One night when my good friends, Larry and Myra Karp, came to dinner, Larry asked me, “How do you spell kidnapped?” I replied, “k-i-d-n-a-p-p-e-d.”
He explained the reason for his question. He had been proof-reading galleys of his next book, King of Ragtime, and the spell-check system on his Word Perfect software had highlighted kidnapped. It gave the correct spelling as kidnaped. That looked wrong to Larry so he did what any good writer would do. He got out his Webster’s Dictionary and looked it up. To his surprise, it said that both versions are correct but the preferred spelling is kidnaped. One P. He changed the spelling throughout his book, but it continued to bother him.
We decided to see what happened with Word, which I used on my computer. I typed in kidnapped, ran the spell check, and it was okay. When I wrote kidnaped, the spell check said it was incorrect. Next we got out my Webster’s Dictionary. In my edition, both versions are correct but the preferred spelling is kidnapped.
Larry and I also looked up Robert Louis Stevenson’s classic book which, as we both thought, is Kidnapped, with two Ps. We found many other books with kidnapped in the title and none were spelled with only one P.

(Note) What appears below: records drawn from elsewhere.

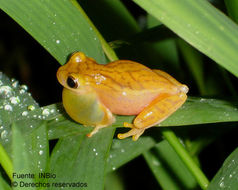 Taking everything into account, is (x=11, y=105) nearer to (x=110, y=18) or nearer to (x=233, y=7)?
(x=110, y=18)

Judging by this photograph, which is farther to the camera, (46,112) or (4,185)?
(46,112)

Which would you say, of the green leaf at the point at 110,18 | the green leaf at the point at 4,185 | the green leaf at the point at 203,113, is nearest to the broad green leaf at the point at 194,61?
the green leaf at the point at 110,18

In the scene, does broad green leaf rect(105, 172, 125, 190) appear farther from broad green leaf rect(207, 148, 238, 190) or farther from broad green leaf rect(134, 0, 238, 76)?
broad green leaf rect(134, 0, 238, 76)

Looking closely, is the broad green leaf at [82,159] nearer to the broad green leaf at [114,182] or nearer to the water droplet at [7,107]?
the water droplet at [7,107]

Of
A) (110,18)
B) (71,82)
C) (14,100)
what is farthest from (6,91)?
(110,18)

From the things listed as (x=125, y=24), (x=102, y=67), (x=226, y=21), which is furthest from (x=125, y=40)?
(x=226, y=21)

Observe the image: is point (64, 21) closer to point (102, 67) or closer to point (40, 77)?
point (102, 67) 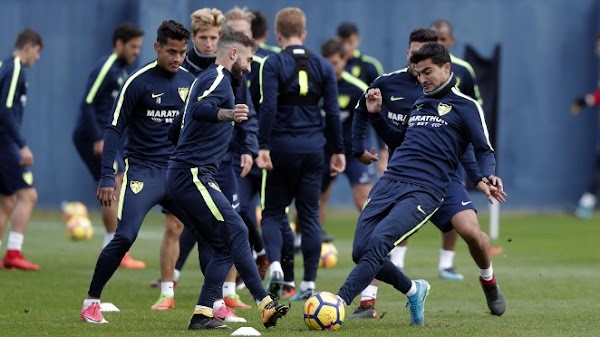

This incident made me realize once again how difficult it can be for a writer to get the details right. Larry and I care deeply about using proper grammar, spelling, and punctuation. In this case, his sources disagreed with mine. While kidnapped and kidnaped are both correct spellings, kidnapped is more commonly used. It would be my preference because if I came to the word kidnaped in a book, it would stop me. I would think about the spelling, rather than the story. Larry agreed and changed every kidnaped in his book back to kidnapped.